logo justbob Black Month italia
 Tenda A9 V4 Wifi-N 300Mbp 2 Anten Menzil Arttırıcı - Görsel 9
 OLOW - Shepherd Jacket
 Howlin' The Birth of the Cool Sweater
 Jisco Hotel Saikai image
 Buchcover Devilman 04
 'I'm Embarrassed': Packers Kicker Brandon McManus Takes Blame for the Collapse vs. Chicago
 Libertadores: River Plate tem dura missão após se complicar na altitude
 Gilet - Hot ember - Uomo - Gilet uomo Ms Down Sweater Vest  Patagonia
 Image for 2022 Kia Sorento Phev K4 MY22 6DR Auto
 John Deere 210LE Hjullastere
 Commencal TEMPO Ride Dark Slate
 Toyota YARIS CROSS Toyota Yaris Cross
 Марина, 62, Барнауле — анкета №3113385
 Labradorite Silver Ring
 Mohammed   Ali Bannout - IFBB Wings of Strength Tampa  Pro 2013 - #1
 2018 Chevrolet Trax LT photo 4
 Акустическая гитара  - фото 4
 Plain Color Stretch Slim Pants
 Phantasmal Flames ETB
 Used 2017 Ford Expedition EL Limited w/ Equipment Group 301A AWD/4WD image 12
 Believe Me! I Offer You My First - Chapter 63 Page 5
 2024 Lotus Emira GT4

=====

_DIRECTIONS_.
Your task is to transcribe the listing above in full, exactly as given.

_SOLUTION_.
logo justbob Black Month italia
 Tenda A9 V4 Wifi-N 300Mbp 2 Anten Menzil Arttırıcı - Görsel 9
 OLOW - Shepherd Jacket
 Howlin' The Birth of the Cool Sweater
 Jisco Hotel Saikai image
 Buchcover Devilman 04
 'I'm Embarrassed': Packers Kicker Brandon McManus Takes Blame for the Collapse vs. Chicago
 Libertadores: River Plate tem dura missão após se complicar na altitude
 Gilet - Hot ember - Uomo - Gilet uomo Ms Down Sweater Vest  Patagonia
 Image for 2022 Kia Sorento Phev K4 MY22 6DR Auto
 John Deere 210LE Hjullastere
 Commencal TEMPO Ride Dark Slate
 Toyota YARIS CROSS Toyota Yaris Cross
 Марина, 62, Барнауле — анкета №3113385
 Labradorite Silver Ring
 Mohammed   Ali Bannout - IFBB Wings of Strength Tampa  Pro 2013 - #1
 2018 Chevrolet Trax LT photo 4
 Акустическая гитара  - фото 4
 Plain Color Stretch Slim Pants
 Phantasmal Flames ETB
 Used 2017 Ford Expedition EL Limited w/ Equipment Group 301A AWD/4WD image 12
 Believe Me! I Offer You My First - Chapter 63 Page 5
 2024 Lotus Emira GT4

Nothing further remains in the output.